◆ **Assigned task**
Your output should be everything below from the line containing "Bath Wipes Ocean 20cm x 24cm 8/Pk x12 Packs" down to the line containing "Dal Rossi Italy", both ends included, copied exactly, with pictures left out.

-------- Data supplied

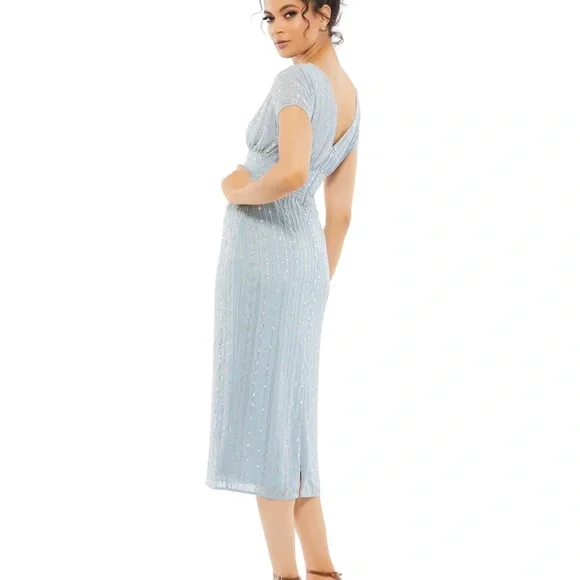miriana iridescent midi dress with feathers Lucinda Formal Sequin Feather Midi Dress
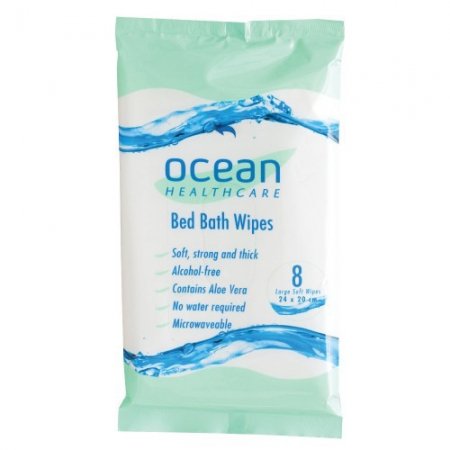 Bath Wipes Ocean 20cm x 24cm 8/Pk x12 Packs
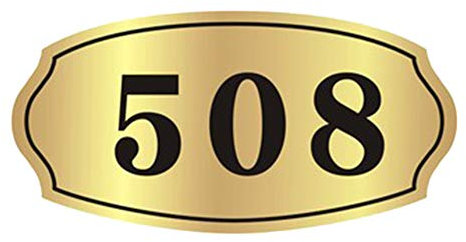 Personalised House Number Plaque Customized Gold Number Sign Door Number Sign Plate Acrylic Room Number Sign Number Plaque for Hotel Flat Office School Dormitory Building Floor(Choice of 1-5 Numbers)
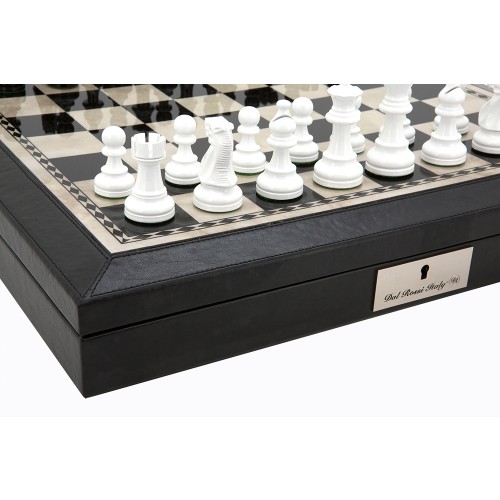 Dal Rossi Italy 16" Chess Set Black and White with PU Leather Edge with compartments and Black and White 85mm Chess Pieces - Image 3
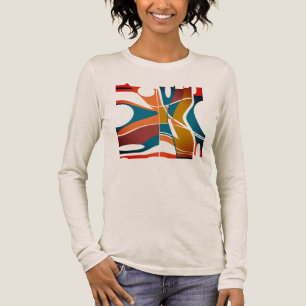 Camiseta Triblenda Naranja brillante Rust Gold Verde azulado negrita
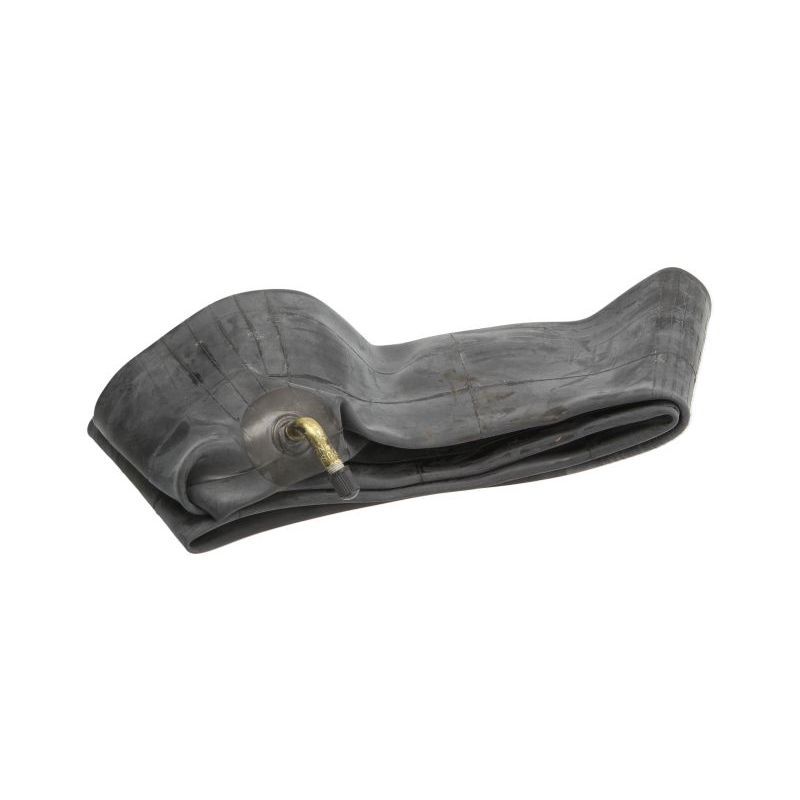 Heavy-duty butyl inner tube in dark gray rubber, designed for 120/70-12 tires, featuring a TR87 angle valve for easy installation.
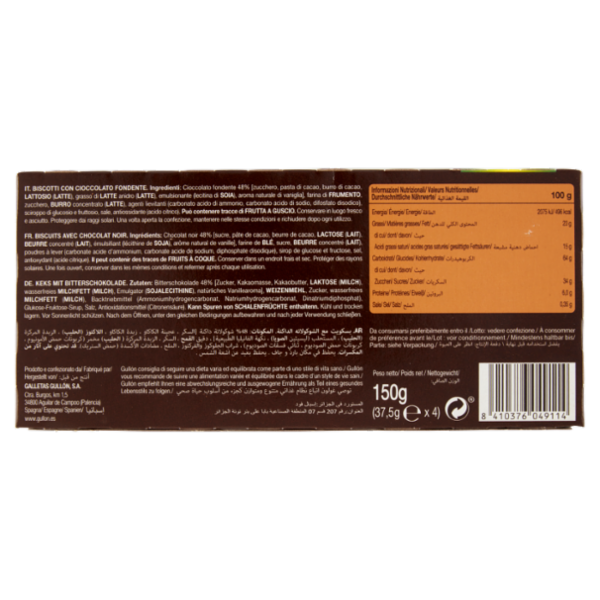 Gullón Choco Tablet Cioccolato Fondente 4 x 37,5 g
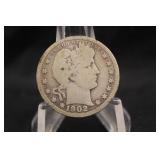 1902-P Barber Silver Quarter *Better Date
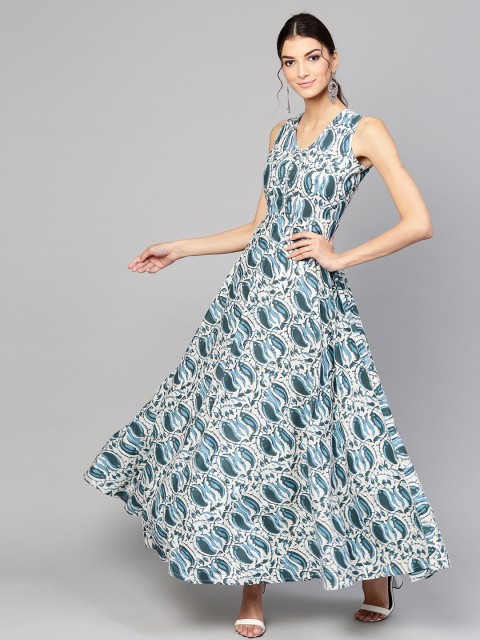 

SASSAFRAS Women Blue & Off-White Printed Maxi Dress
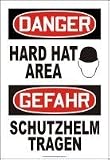 ENGLISH/GERMAN DANGER HARD HAT AREA (W/GRAPHIC) Plastic Sign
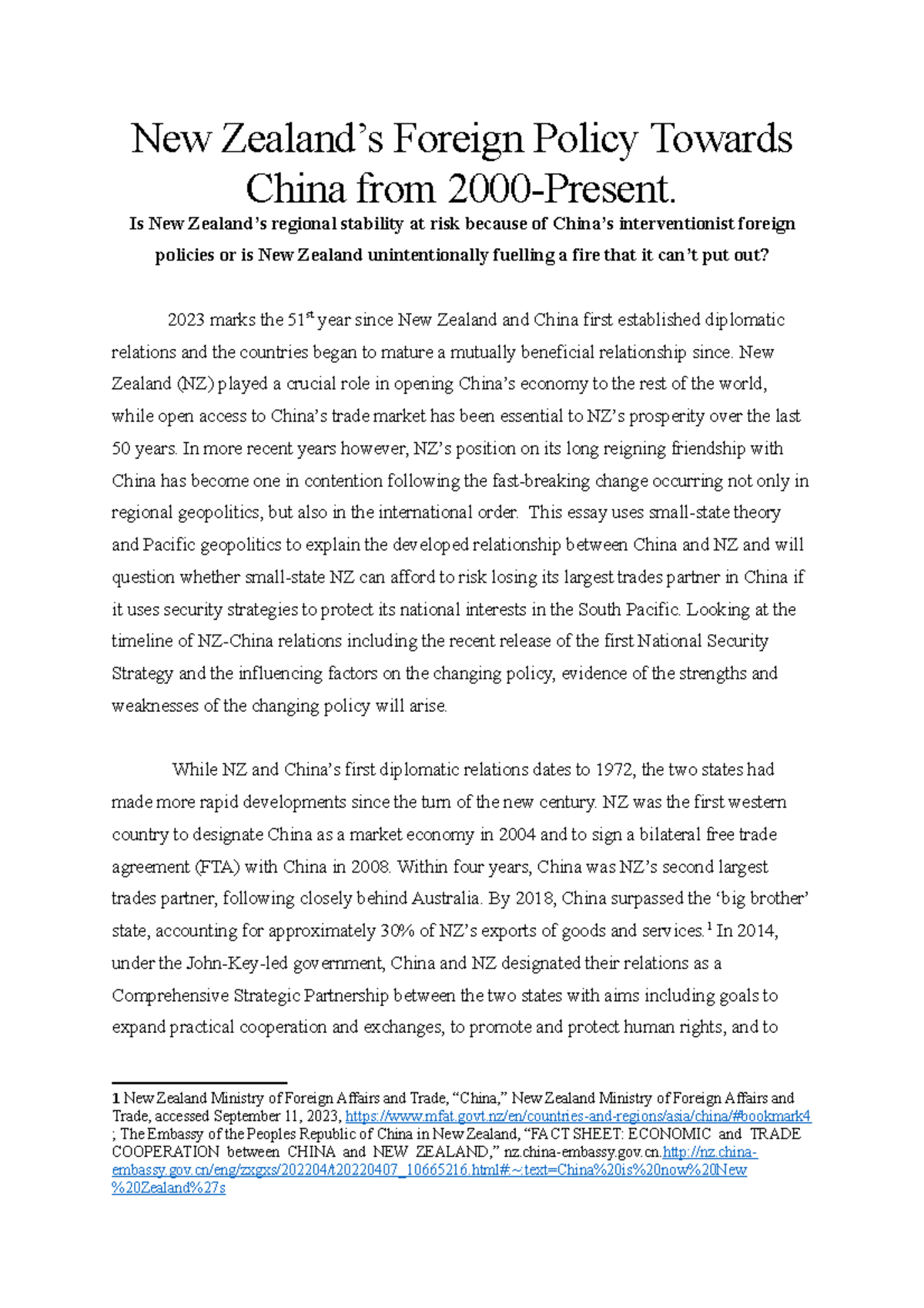 China-NZ research essay - New Zealand’s Foreign Policy Towards China ...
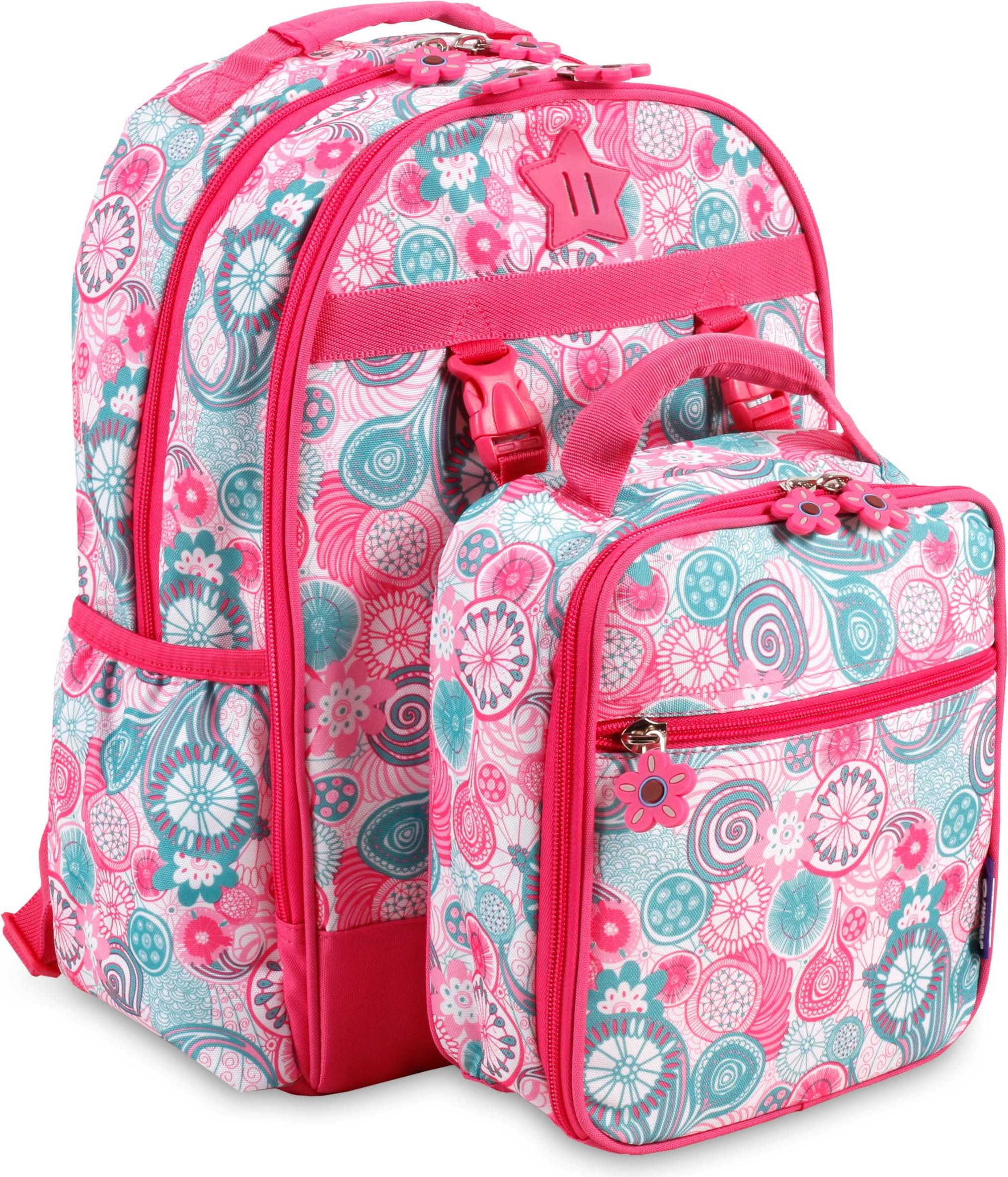 JW-16KLB Duet Kids Backpack Detachable Lunchbox Set - Blue Raspberry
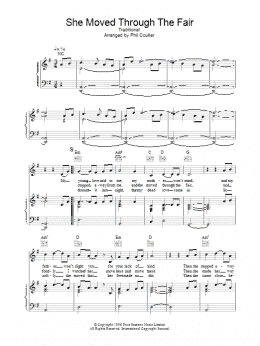 page one of She Moved Through The Fair (Piano, Vocal & Guitar Chords)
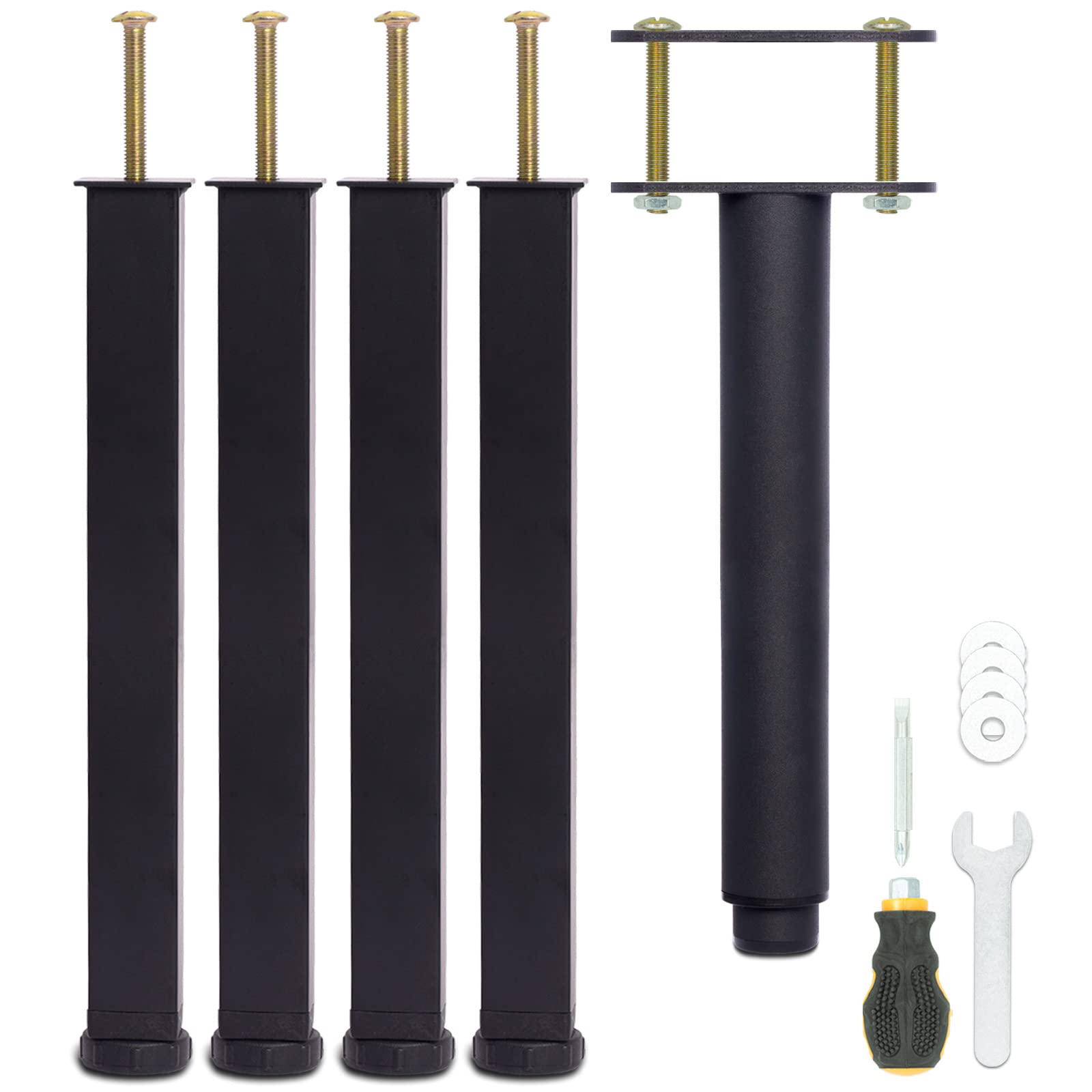 Pied de Lit 30 cm à Visser, Pied Sommier à Lattes Universel, Reglable en Hauteur, Metal, Carré + Rond, Boulons M8, pour le Cadre Métallique d’un Sommier Adulte, Noir, Lot de 5 (4 Latéraux + 1 Central)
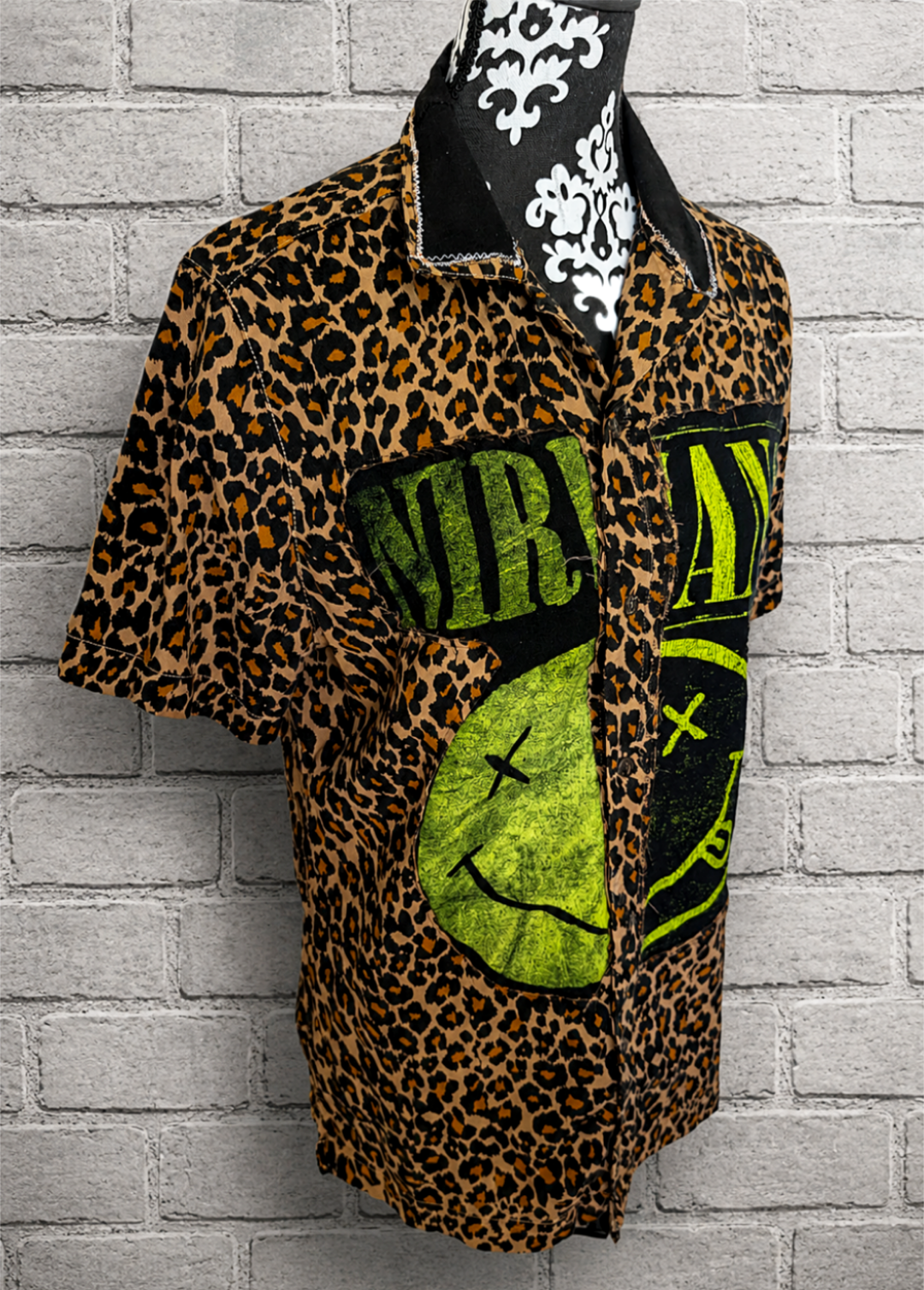 Gender Neutral Nirvana split leopard button up top- men's M/ womens L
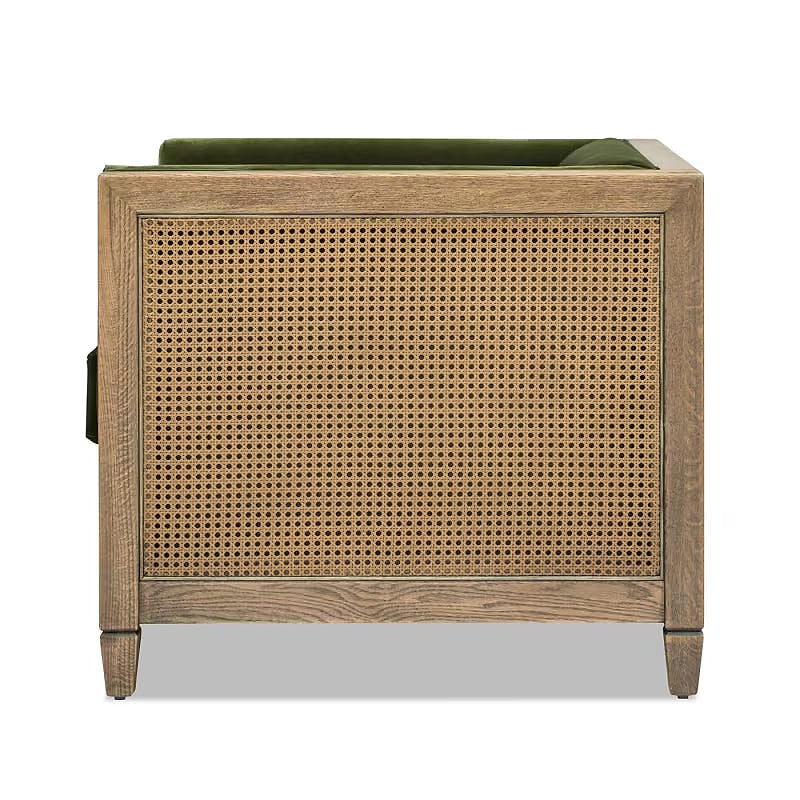 Georgia Olive Green Cane-Frame Armchair — gallery view 7 of 8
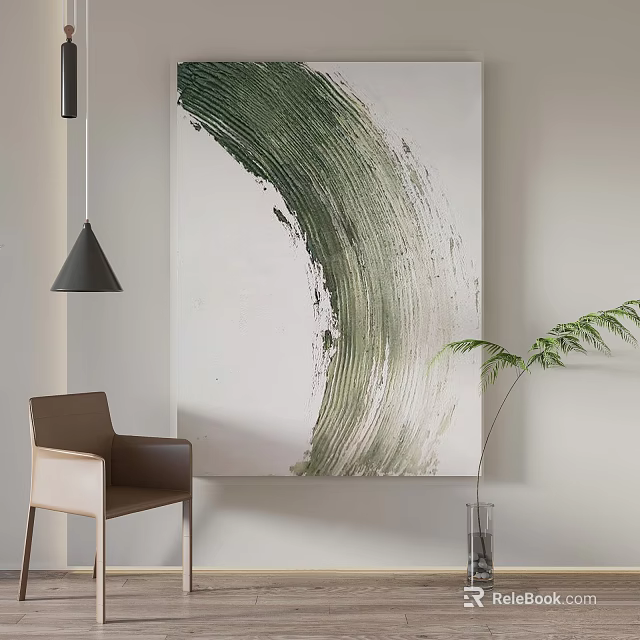 Minimalist Interior With Large Abstract Green Painting Chair And Floor Lamp 3d model 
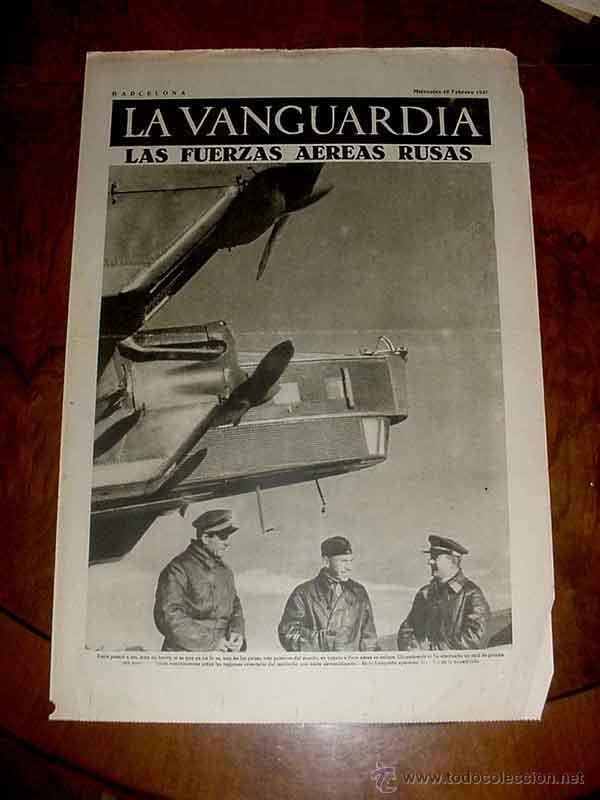 Militaria: LA VANGUARDIA - LAS FUERZAS AEREAS RUSAS - FRENTE DE MADRID - 4 PAG - 10 DE FEBRERO DE 1937 - PLENA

----------------

◆ **Solution for this task**
 Bath Wipes Ocean 20cm x 24cm 8/Pk x12 Packs
 Personalised House Number Plaque Customized Gold Number Sign Door Number Sign Plate Acrylic Room Number Sign Number Plaque for Hotel Flat Office School Dormitory Building Floor(Choice of 1-5 Numbers)
 Dal Rossi Italy 16" Chess Set Black and White with PU Leather Edge with compartments and Black and White 85mm Chess Pieces - Image 3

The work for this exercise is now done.